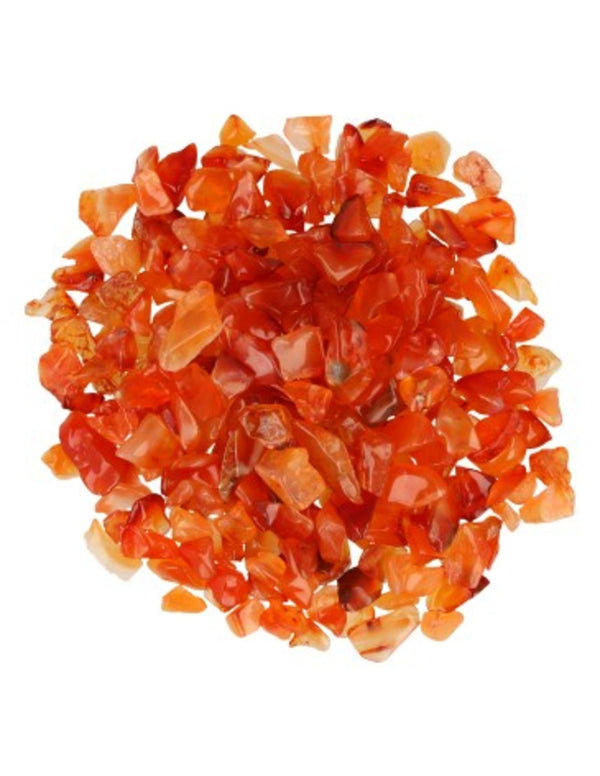 Carneool 100 gr. edelsteen trommelstenen (mt1)
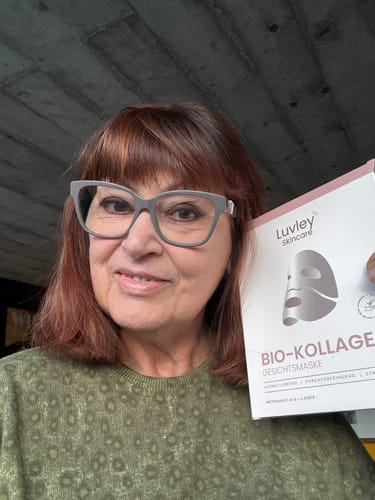 Customer photo review of Bio-Kollagen Gesichtsmaske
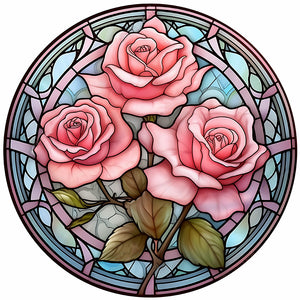 Flower-Full Round Diamond Painting-30x30cm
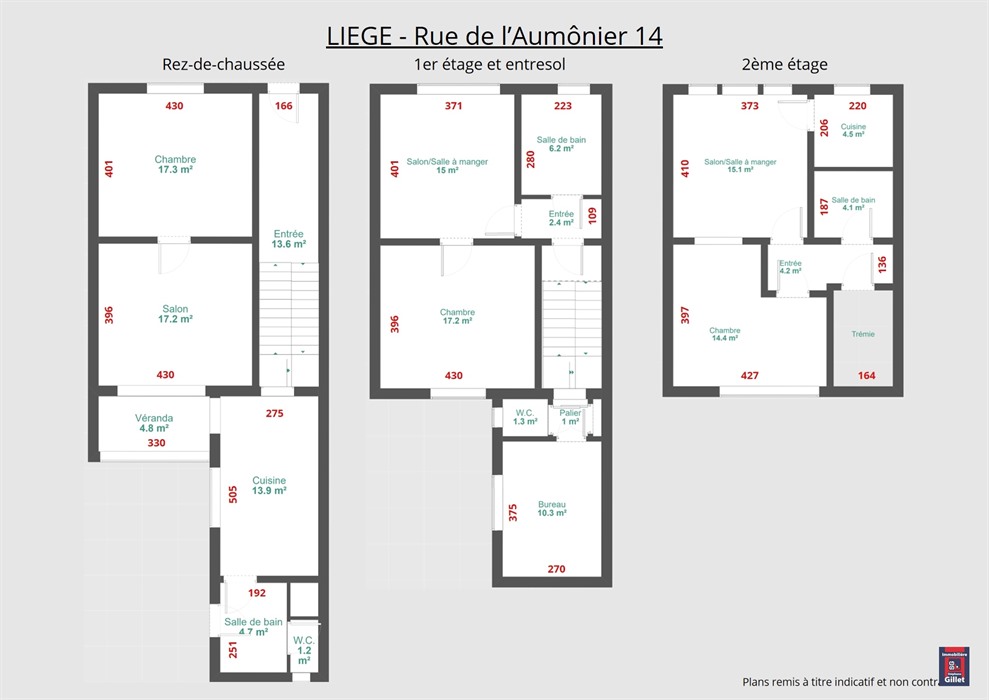 Agréable immeuble de rapport à l'entrée de la ville de Liège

▶ **Aim of the exercise**: Retype verbatim only the lines beginning with the line that contains "Flower-Full Round Diamond Painting-30x30cm" and ending with the last line of the listing above; pictures are to be excluded.

▶ **Solution**:
 Flower-Full Round Diamond Painting-30x30cm
 Agréable immeuble de rapport à l'entrée de la ville de Liège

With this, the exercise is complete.